16. De rechtbank leidt uit de beschrijving van de "open-call" benadering af dat ZonMw de projecten slechts in algemene termen openstelt en dat eiseres hieraan invulling geeft door het ontwikkelen en uitvoeren van een project binnen het kader van de doelstellingen van ZonMw. Een concreet voordeel dat door ZonMw met de door eiseres ontwikkelde projecten wordt genoten, kan niet worden vastgesteld. Er kan hooguit worden geoordeeld dat het project kan bijdragen tot verbetering van de volksgezondheid. Verweerder heeft de door eiseres gestelde "open call" benadering bij de subsidieverlening niet weersproken. Bij deze "open-call" methodiek is naar het oordeel van de rechtbank geen sprake van een prestatie van eiseres die voordeel oplevert voor ZonMw. ZonMw kan daarom niet worden aangemerkt als verbruiker van de diensten van eiseres. Dat, zoals verweerder stelt, eiseres de projecten heeft uitgevoerd in opdracht van ZonMw, ZonMw fungeert als schakel (intermediair) tussen de maatschappij en de wetenschap en dat ZonMw is opgericht om een bepaalde doelstelling te verwezenlijken is daartoe onvoldoende. Naar het oordeel van de rechtbank heeft verweerder onvoldoende aannemelijk gemaakt dat ZonMw kan worden aangemerkt als de verbruiker van de diensten van eiseres.

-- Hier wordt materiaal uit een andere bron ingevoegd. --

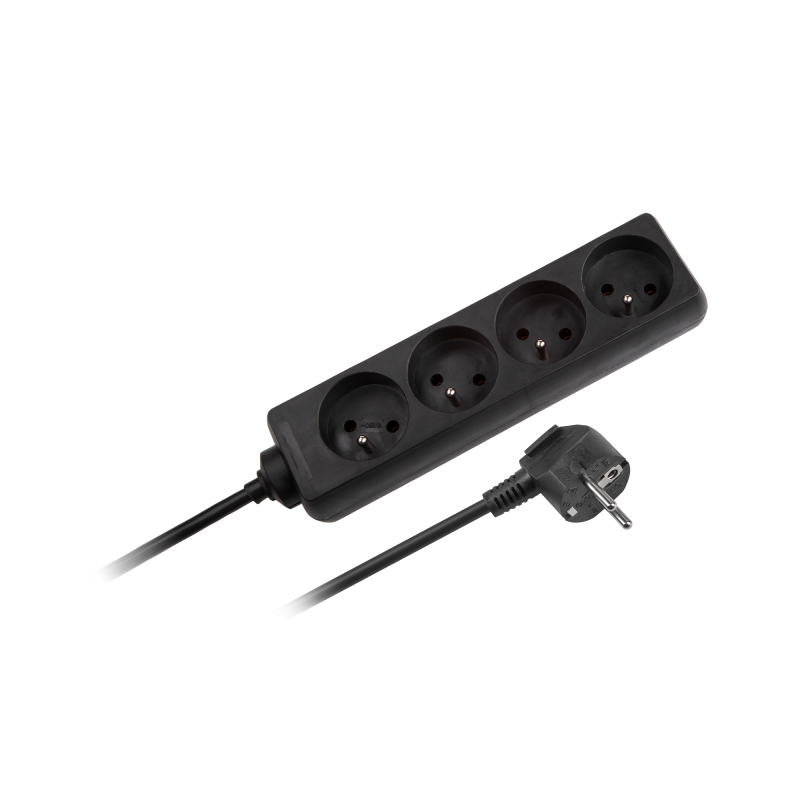 Przedłużacz sieciowy Rebel czarny 4 gniazda bez przełącznika, kabel 5m (3x1,5mm)
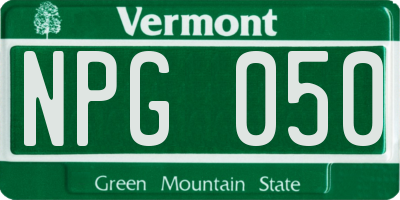VT license plate NPG050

17. Gelet op hetgeen hiervoor is overwogen, moet het beroep gegrond worden verklaard.

Proceskosten

18. De rechtbank vindt aanleiding verweerder te veroordelen in de kosten die eiseres in verband met de behandeling van het beroep redelijkerwijs heeft moeten maken. Deze kosten zijn op de voet van het Besluit proceskosten bestuursrecht voor de door een derde beroepsmatig verleende rechtsbijstand vastgesteld op € 1.092,50 (1 punt voor het indienen van het beroepschrift, 0,5 punt voor het indienen van de conclusie van repliek en 1 punt voor het verschijnen ter zitting met een waarde per punt van € 437 en een wegingsfactor 1).

Griffierecht

19. De rechtbank heeft vastgesteld dat eiseres een te hoog bedrag aan griffierecht in rekening is gebracht, namelijk € 298 in plaats van € 150. Zij heeft de griffier opgedragen een bedrag van € 148 aan de gemachtigde van eiseres terug te betalen. Dit is inmiddels gebeurd.

Beslissing

De rechtbank:

- verklaart het beroep gegrond;

- vernietigt de uitspraak op bezwaar;

- gelast dat verweerder teruggaaf verleent van € 57.097;

- bepaalt dat deze uitrspraak in zoverre in de plaats treedt van het vernietigde besluit;

- veroordeelt verweerder in de proceskosten tot een bedrag van € 1.092,50 te betalen aan eiseres;

- draagt verweerder op het voor rekening van eiseres gebleven griffierecht van € 150 aan haar te vergoeden.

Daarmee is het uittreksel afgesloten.